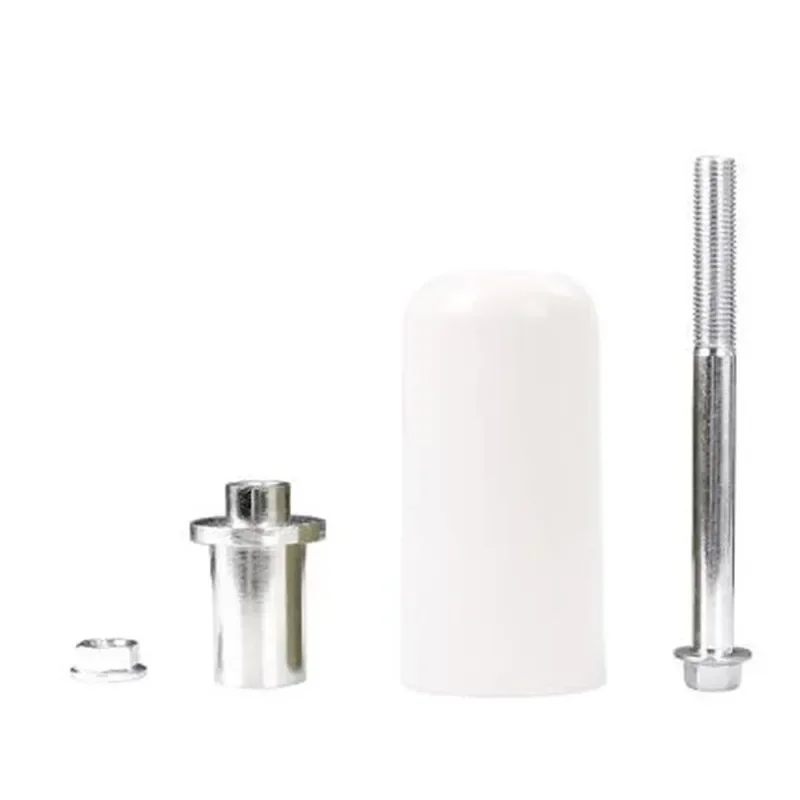 -For Fireboats motorcycle refit accessories drop resistance rubber pedal car refires stick column 2 pieces/lot Wholesale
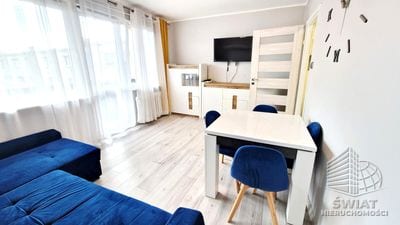 Mieszkanie na wynajem, Szczecin Pomorzany, 2 pokoje, 42 m² — BON49916, zdjęcie 1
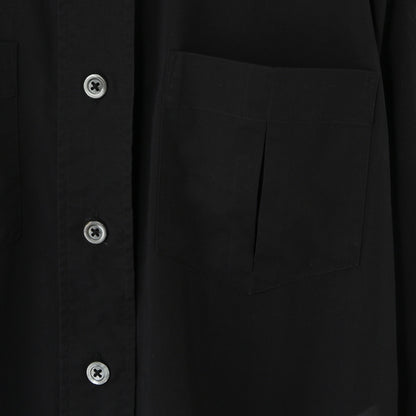 COTTON VOILE SHIRT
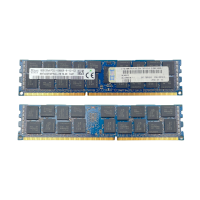 Hynix 16GB DDR3 1333MHz ECC Reg RDIMM PC3L-10600R 2Rx4...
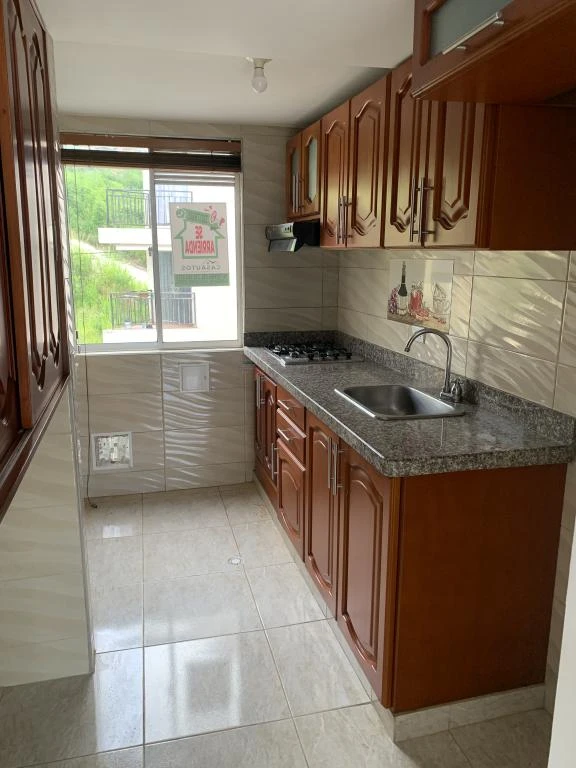 CARRERA 15A NO. 21-03 APARTAMENTO 504 COLINAS SAN MARTIN 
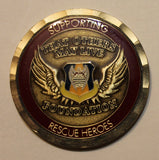 That Others May Live Foundation Pararescue / PJ  Air Force Challenge Coin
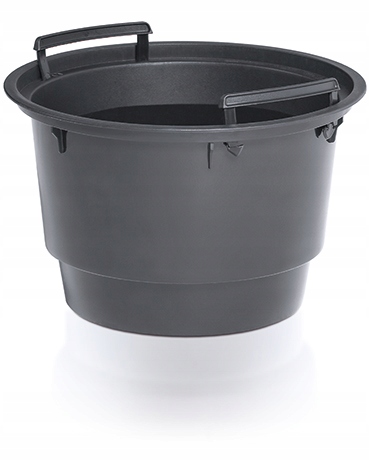 

Wkład Do Doniczki Insert IWKO460 Czarny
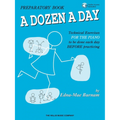 A Dozen A Day Preparatory Book OLA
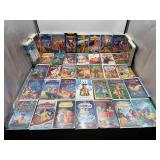 39 Family VHS Movie Collection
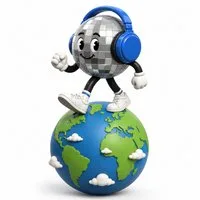 Discos Not Dead - AROUND THE WORLD at The Victoria, Birmingham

# REQUIRED WORK
In your copy, leave out the pictures and reproduce the material above exactly.

# YOUR RESPONSE
 -For Fireboats motorcycle refit accessories drop resistance rubber pedal car refires stick column 2 pieces/lot Wholesale
 Mieszkanie na wynajem, Szczecin Pomorzany, 2 pokoje, 42 m² — BON49916, zdjęcie 1
 COTTON VOILE SHIRT
 Hynix 16GB DDR3 1333MHz ECC Reg RDIMM PC3L-10600R 2Rx4...
 CARRERA 15A NO. 21-03 APARTAMENTO 504 COLINAS SAN MARTIN 
 That Others May Live Foundation Pararescue / PJ  Air Force Challenge Coin

Wkład Do Doniczki Insert IWKO460 Czarny
 A Dozen A Day Preparatory Book OLA
 39 Family VHS Movie Collection
 Discos Not Dead - AROUND THE WORLD at The Victoria, Birmingham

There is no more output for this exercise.